- _Aim of the task_
Leaving the pictures aside, repeat each line below exactly.

- _Dataset extract_
──────────────────────────────

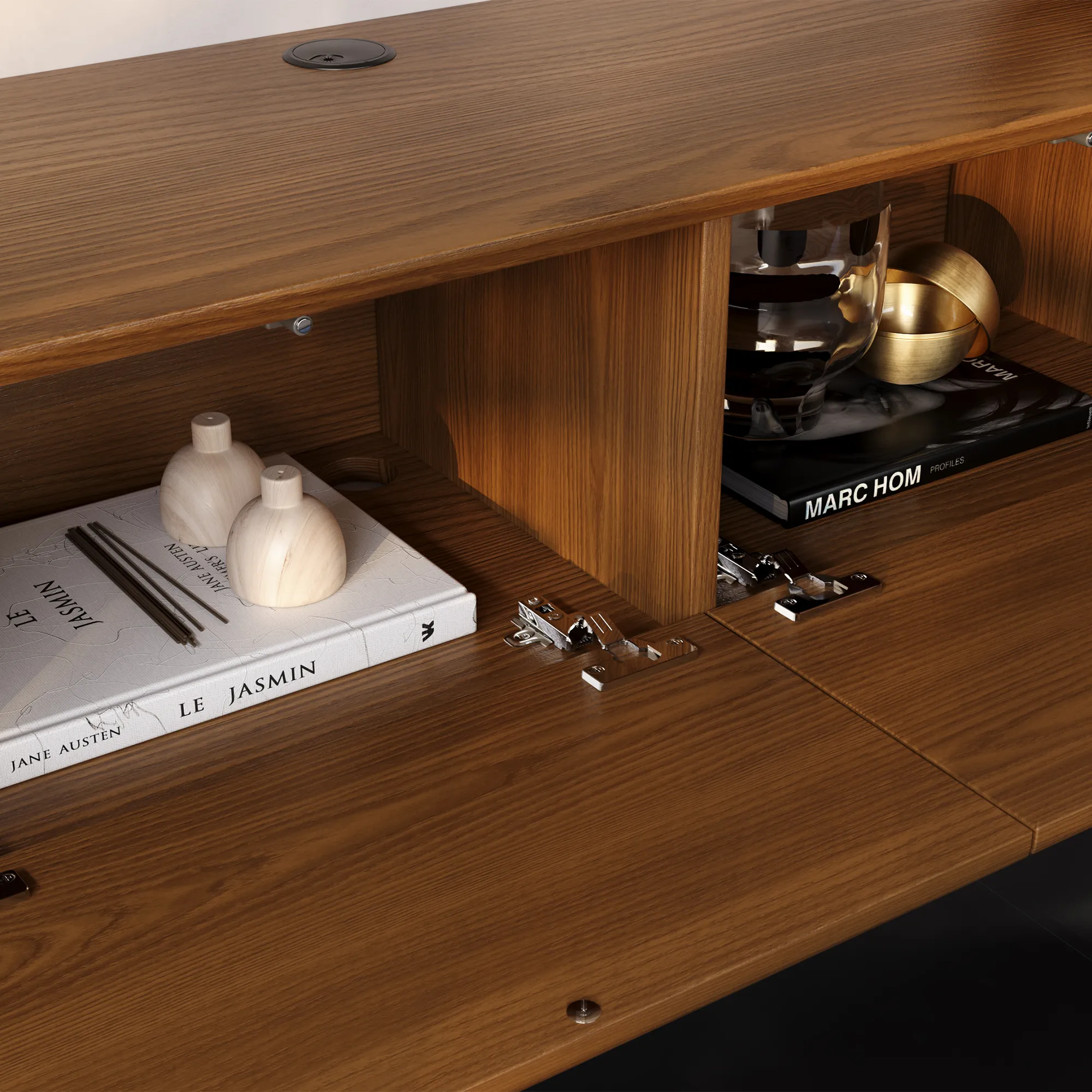 Close-up of a wooden TV console interior featuring organized shelves with books and decorative accessories.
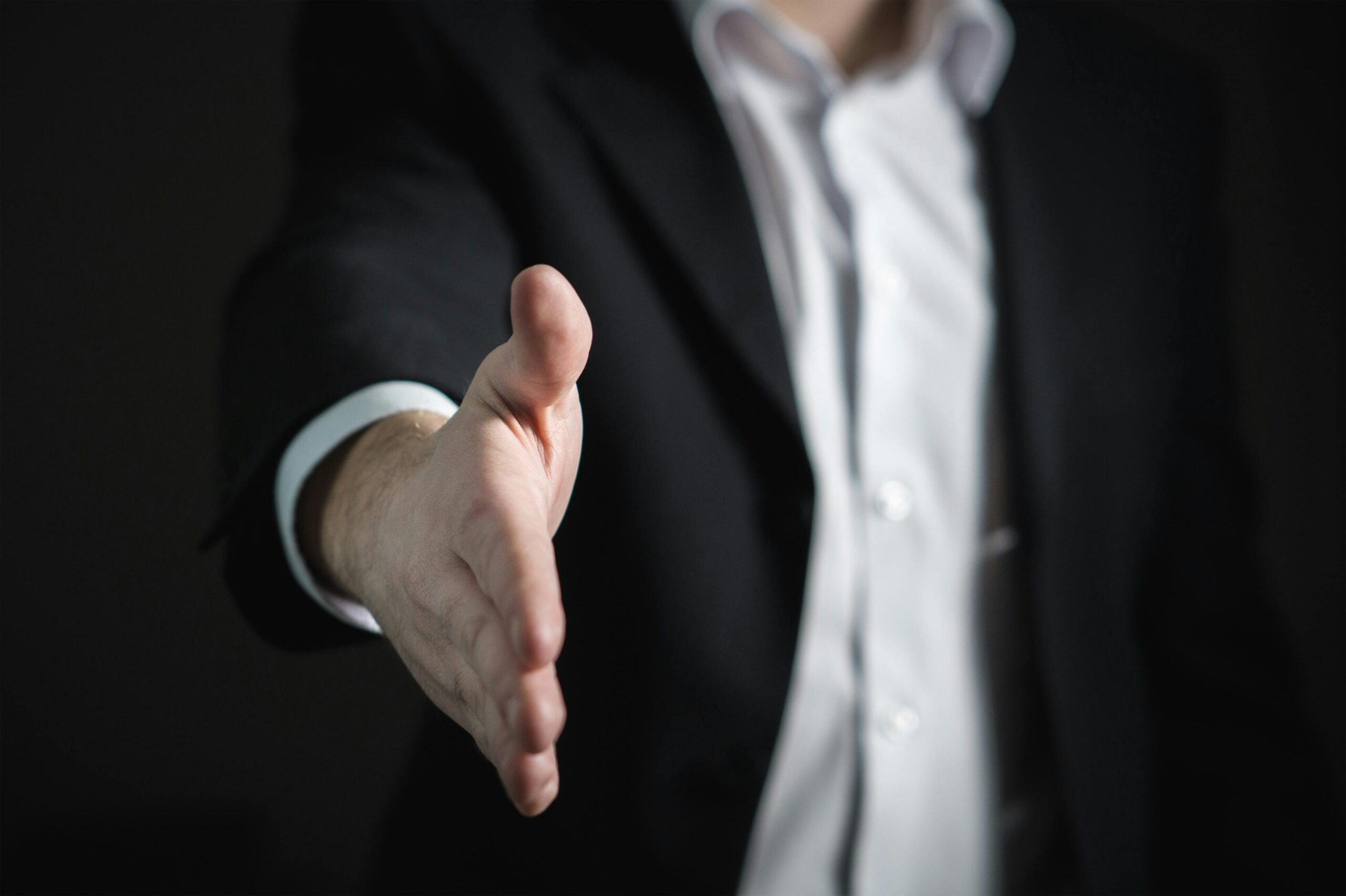 A close up photo of a hand going for a handshake.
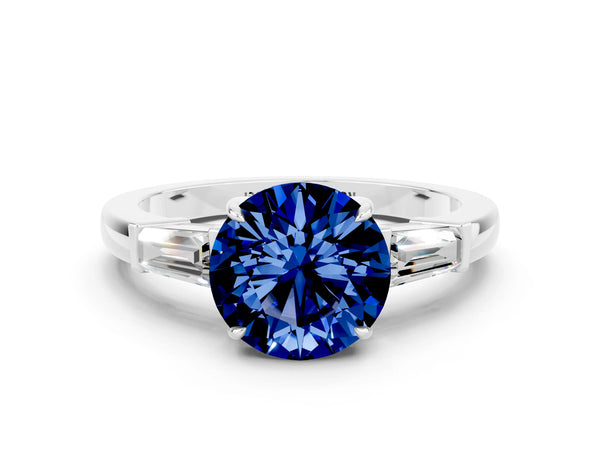 Platinum Round Cut Blue Sapphire Three-Stone Ring with Tapered Baguette Side Stones and Prong Setting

──────────────────────────────

- _Response to the exercise_
 Close-up of a wooden TV console interior featuring organized shelves with books and decorative accessories.
 A close up photo of a hand going for a handshake.
 Platinum Round Cut Blue Sapphire Three-Stone Ring with Tapered Baguette Side Stones and Prong Setting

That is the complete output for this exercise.